What Kind of Learner Are YOU?
Learning doesn’t depend only on brain capacity. All information initially makes its way into our minds via the senses, and which senses are most important for learning can vary among people. Since we often take learning for granted, we may not always be aware of which sense is our most powerful portal for learning. But knowing our go-to sense can enable us to establish an environment that facilitates learning. Here are some tips from the Pennsylvania Higher Education Assistance Agency on how to enhance learning according to your sensory preference. (Although designed for students, these guidelines are valuable for learners of all ages and in all settings).
Listen Up: Tips for AUDITORY Learners
If you prefer hearing instructions rather than reading them silently to yourself, here are 4 tips for making the most of your “learning by ear” preference:
- Choose a seat in a classroom or meeting room where you can hear well.
- Have your hearing checked on a regular basis.
- Use flashcards to learn new words or other information, and read them aloud.
- Read aloud any stories, assignments, directions, or new information you need to know.
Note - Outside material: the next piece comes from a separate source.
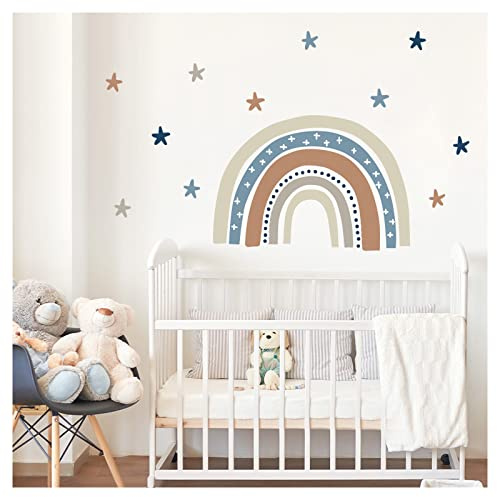 Little Deco Wandtattoo Regenbogen mit Sterne Wandsticker für Kinderzimmer Babyzimmer Wandaufkleber Wanddeko DL920-1
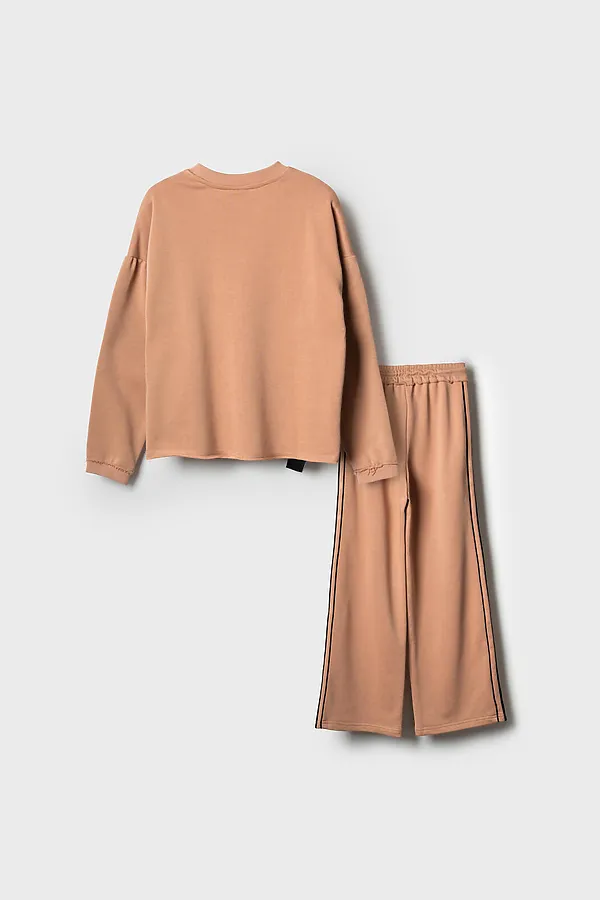 Комплект трикотажный для девочек: толстовка, брюки PLAYTODAY, охра - фото 2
Seeing Is Believing: VISUAL Learners
Visual learners are best served by reading written information (that’s me) or seeing pictures. They are usually neat and clean people—after all, they are affected by what they see around them. Their attention is drawn to things that are colorful and filled with imagery. Here are 6 tips for visual learners:
- Sit near the front of the room.
- Have your eyesight checked on a regular basis.
- Try to visualize things that you hear or that are read to you.
- Write down key words, ideas, or instructions.
- Draw pictures to help understand new concepts.
- Color-code different types of information.
Reach Out and Touch Something: TACTILE Learners
Tactile learners best understand and remember things through physical activity, either movement or actual contact. Touching, moving, building, or drawing are all valuable modes of learning. Tactile learners are typically active and gesture frequently, get antsy if they have to sit still too long, and often communicate by touching. Here are 4 tips that enhance the tactile learning process:
- Participate in activities that involve touching, building, moving, or drawing.
- Do lots of hands-on activities, like art projects, taking walks, or acting out stories.
- Arrange flashcards in groups to show relationships between ideas.
- Use a computer to reinforce learning through the sense of touch.
Is Someone Reading Out Loud? Hit the Mute Button
Although I’m a language-dominant learner, spoken words are often a distraction when I’m trying to learn something new. I remember and understand information better when reading it silently to myself than when I hear someone read it—even if the person reading aloud is me.